What is expected: Using the listing below, print the line containing "Apartment With Parking Space - 6632", the line containing "6 Winchmore Ln", and each line between them, exactly and nothing else. Pictures stay out of the print.

Data provided: Begin

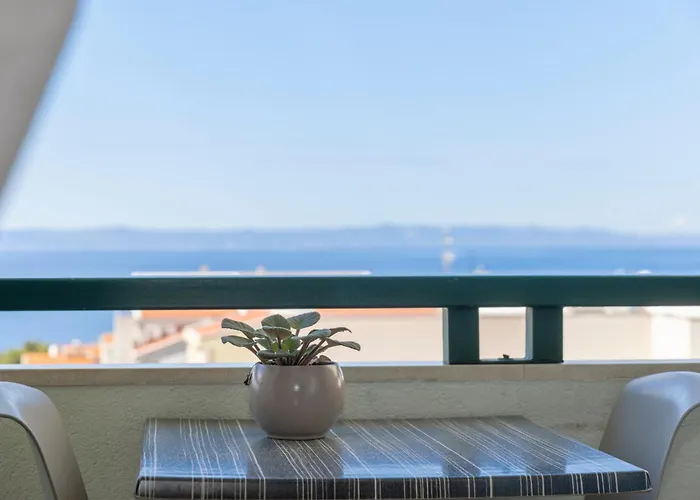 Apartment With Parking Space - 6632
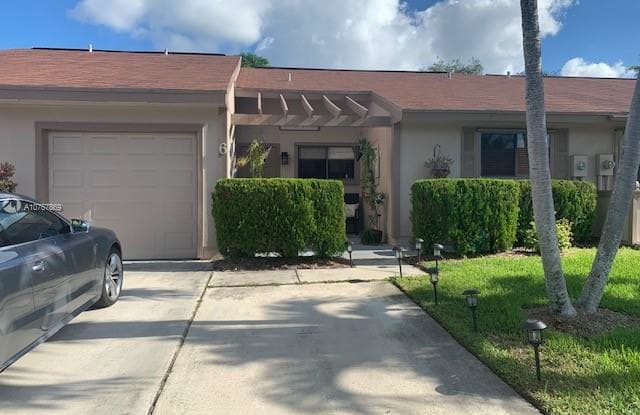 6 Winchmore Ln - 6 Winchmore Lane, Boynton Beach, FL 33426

Data provided: End
Data provided: Begin

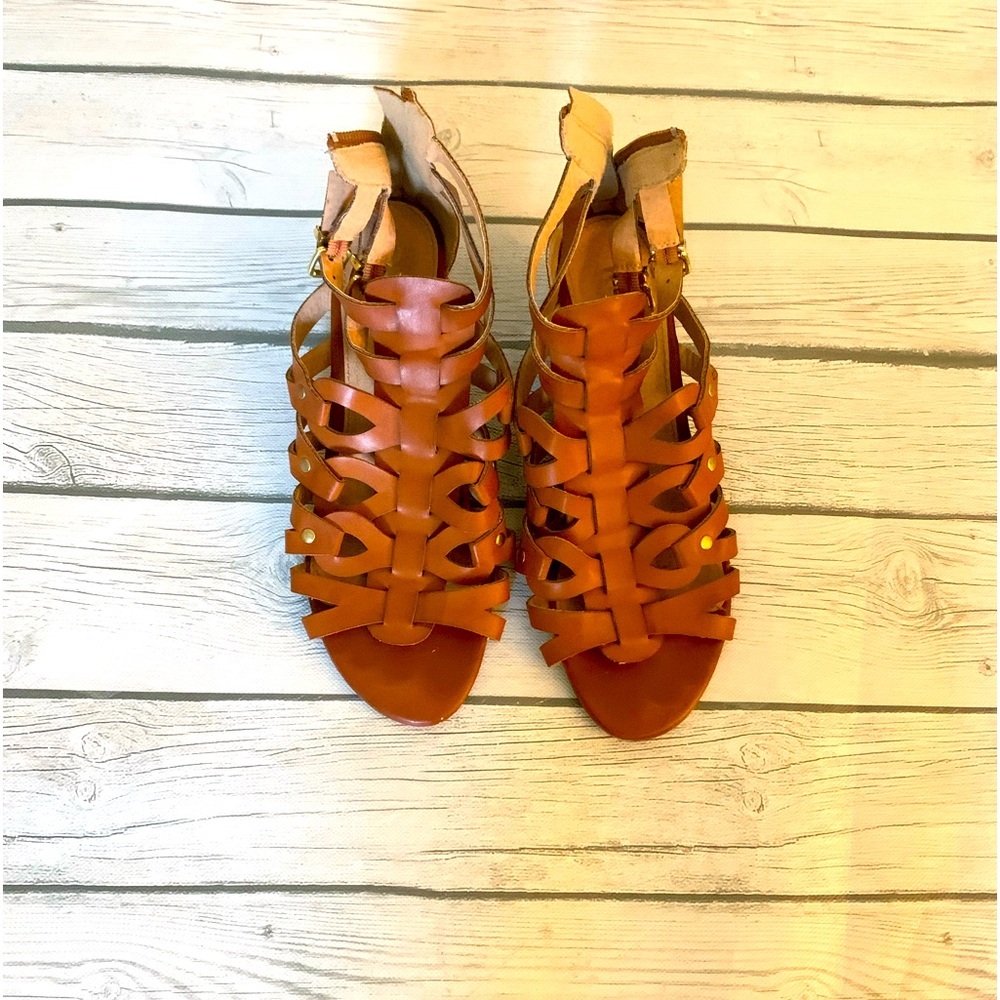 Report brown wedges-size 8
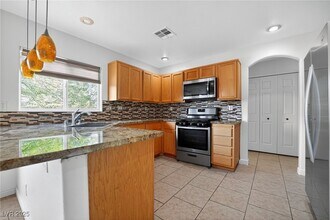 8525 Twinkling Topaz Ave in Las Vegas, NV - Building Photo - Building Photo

Data provided: End
Data provided: Begin

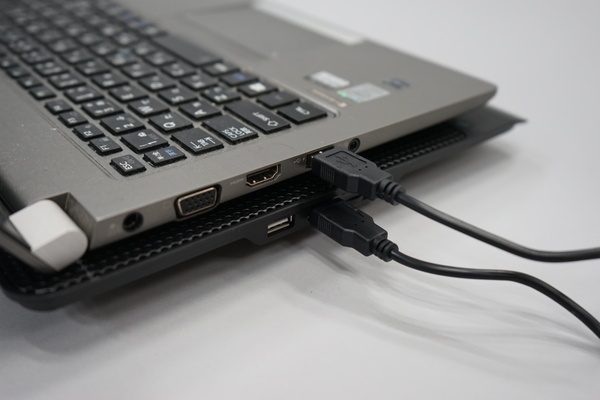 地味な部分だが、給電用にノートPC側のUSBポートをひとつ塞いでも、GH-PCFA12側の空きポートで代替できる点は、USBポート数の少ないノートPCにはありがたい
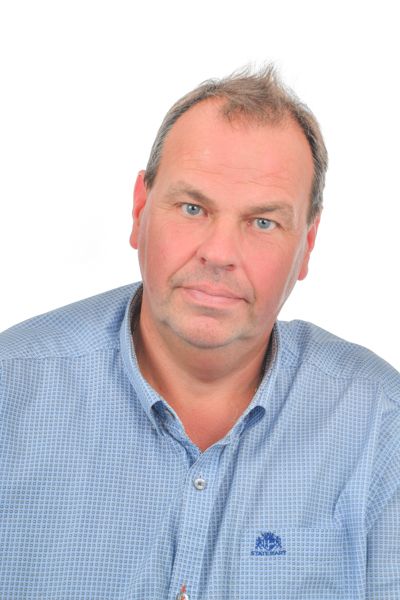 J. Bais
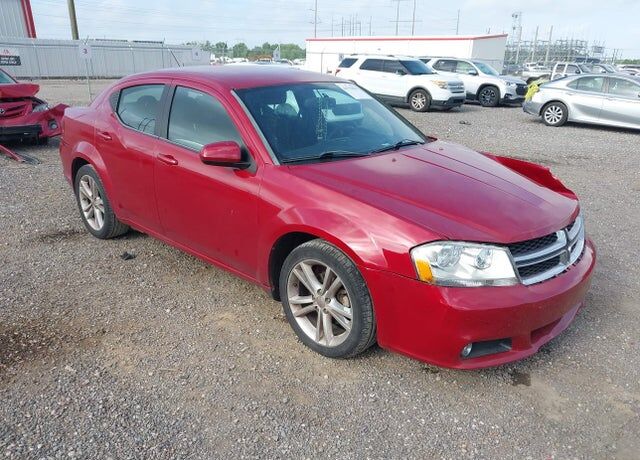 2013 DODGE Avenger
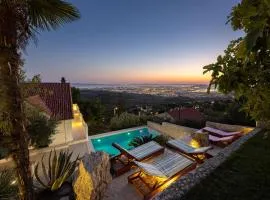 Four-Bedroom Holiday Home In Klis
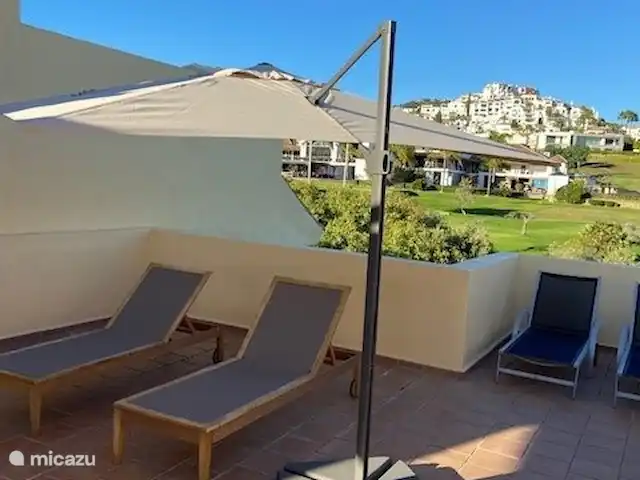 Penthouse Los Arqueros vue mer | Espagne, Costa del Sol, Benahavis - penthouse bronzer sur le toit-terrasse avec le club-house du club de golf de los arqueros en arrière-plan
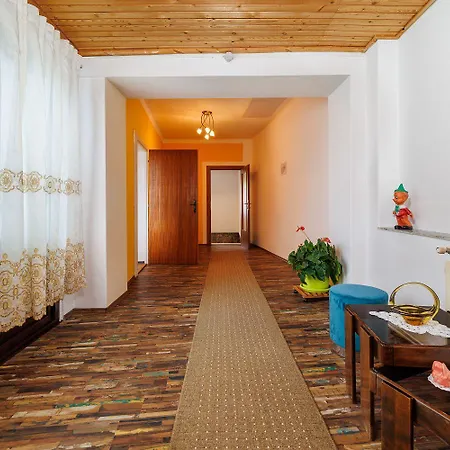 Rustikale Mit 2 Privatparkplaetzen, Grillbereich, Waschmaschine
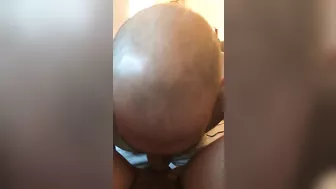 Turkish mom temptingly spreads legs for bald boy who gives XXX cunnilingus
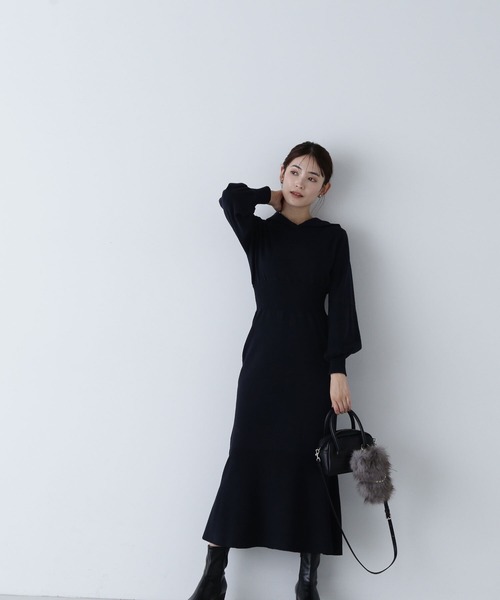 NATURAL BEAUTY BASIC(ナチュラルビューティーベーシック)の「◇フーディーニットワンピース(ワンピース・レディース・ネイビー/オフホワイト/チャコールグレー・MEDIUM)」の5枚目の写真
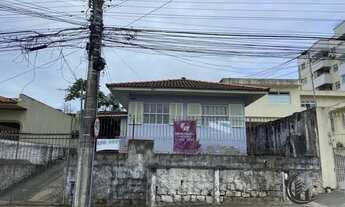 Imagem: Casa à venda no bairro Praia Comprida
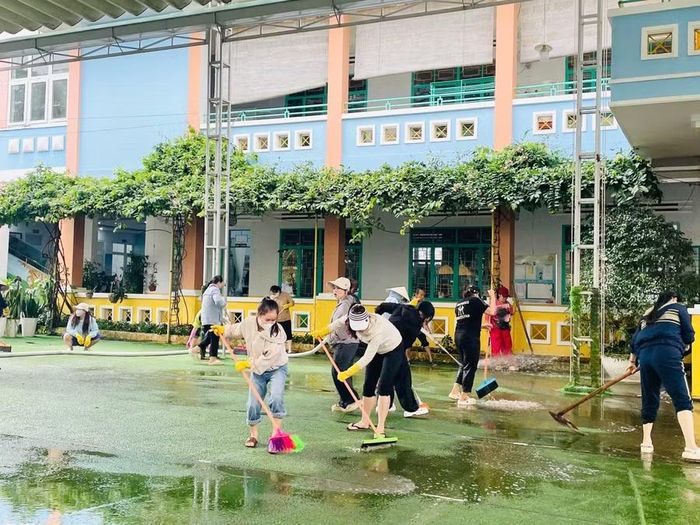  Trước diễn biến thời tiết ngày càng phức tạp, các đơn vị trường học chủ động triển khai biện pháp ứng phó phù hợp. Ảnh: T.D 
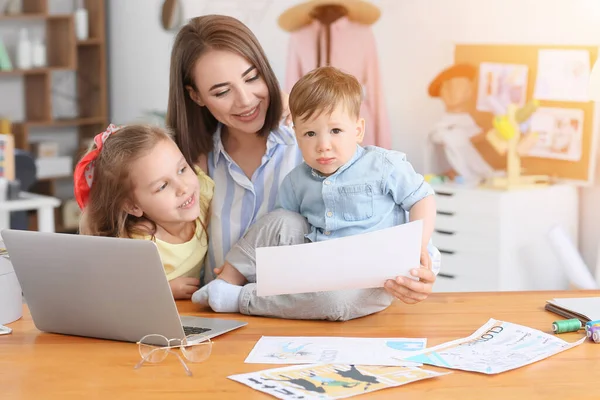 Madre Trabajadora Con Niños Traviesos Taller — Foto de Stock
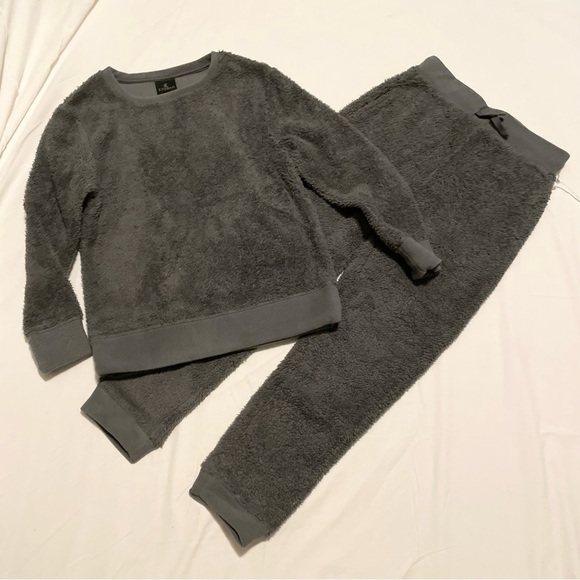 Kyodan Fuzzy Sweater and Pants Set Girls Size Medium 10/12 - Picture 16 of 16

Data provided: End

Solution:
 Apartment With Parking Space - 6632
 6 Winchmore Ln - 6 Winchmore Lane, Boynton Beach, FL 33426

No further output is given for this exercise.